» Task instructions
You are asked to repeat the listing word for word and to leave out its pictures.

» Material for the task

******

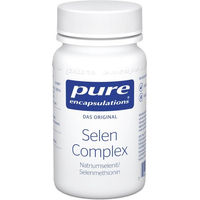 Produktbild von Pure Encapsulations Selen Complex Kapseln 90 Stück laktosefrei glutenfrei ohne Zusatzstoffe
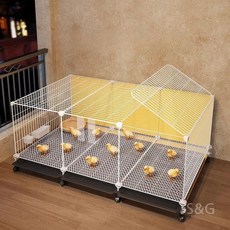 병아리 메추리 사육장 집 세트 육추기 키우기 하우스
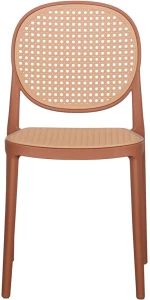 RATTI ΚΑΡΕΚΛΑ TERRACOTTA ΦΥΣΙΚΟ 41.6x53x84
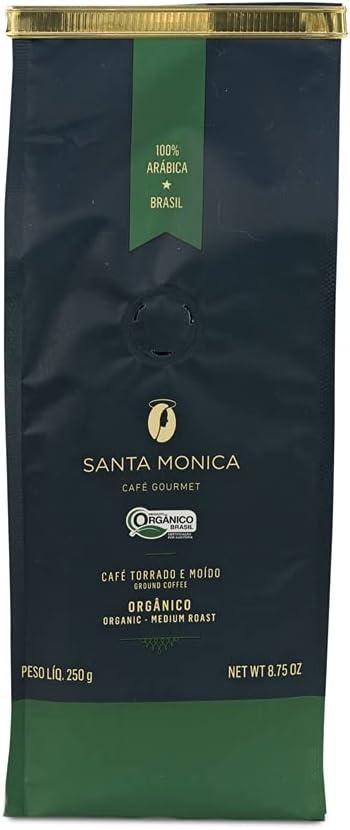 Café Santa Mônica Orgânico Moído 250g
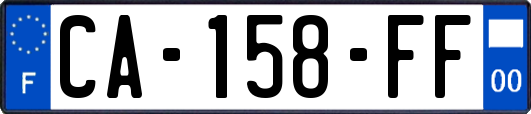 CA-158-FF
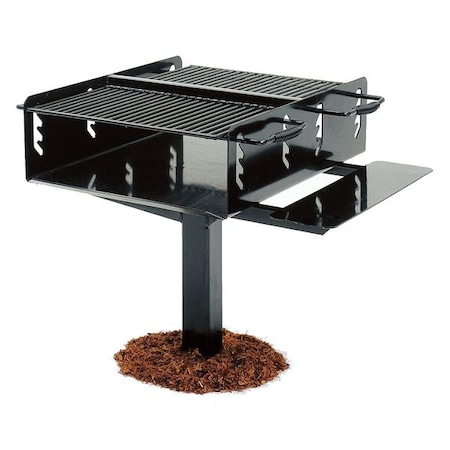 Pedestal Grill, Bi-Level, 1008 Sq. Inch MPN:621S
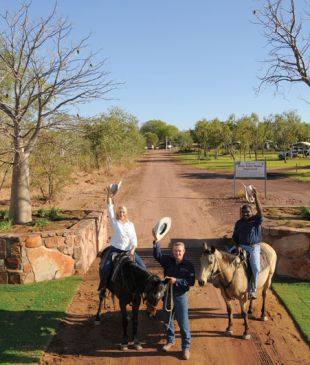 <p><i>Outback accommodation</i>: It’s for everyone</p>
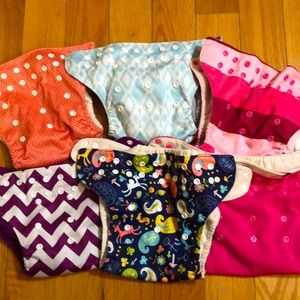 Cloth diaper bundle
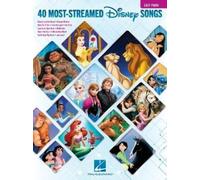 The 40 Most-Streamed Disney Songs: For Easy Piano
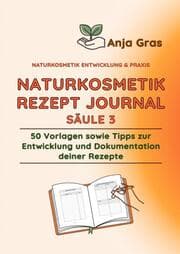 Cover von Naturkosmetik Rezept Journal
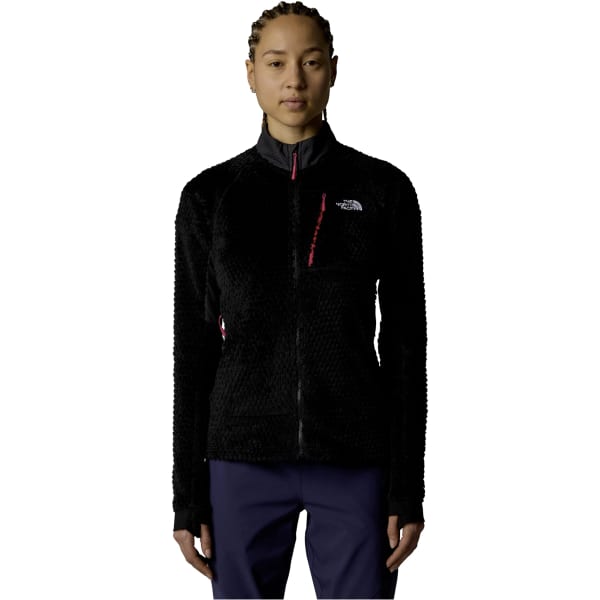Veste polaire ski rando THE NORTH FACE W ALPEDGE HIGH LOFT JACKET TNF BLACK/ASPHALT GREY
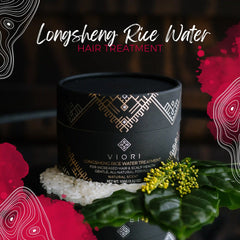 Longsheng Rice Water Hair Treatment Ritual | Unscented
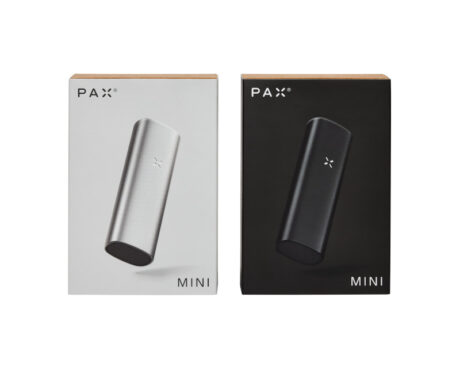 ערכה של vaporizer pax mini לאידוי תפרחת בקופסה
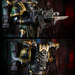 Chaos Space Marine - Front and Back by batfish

******

» Answer to the problem
 Produktbild von Pure Encapsulations Selen Complex Kapseln 90 Stück laktosefrei glutenfrei ohne Zusatzstoffe
 병아리 메추리 사육장 집 세트 육추기 키우기 하우스
 RATTI ΚΑΡΕΚΛΑ TERRACOTTA ΦΥΣΙΚΟ 41.6x53x84
 Café Santa Mônica Orgânico Moído 250g
 CA-158-FF
 Pedestal Grill, Bi-Level, 1008 Sq. Inch MPN:621S
 <p><i>Outback accommodation</i>: It’s for everyone</p>
 Cloth diaper bundle
 The 40 Most-Streamed Disney Songs: For Easy Piano
 Cover von Naturkosmetik Rezept Journal
Veste polaire ski rando THE NORTH FACE W ALPEDGE HIGH LOFT JACKET TNF BLACK/ASPHALT GREY
 Longsheng Rice Water Hair Treatment Ritual | Unscented
 ערכה של vaporizer pax mini לאידוי תפרחת בקופסה
 Chaos Space Marine - Front and Back by batfish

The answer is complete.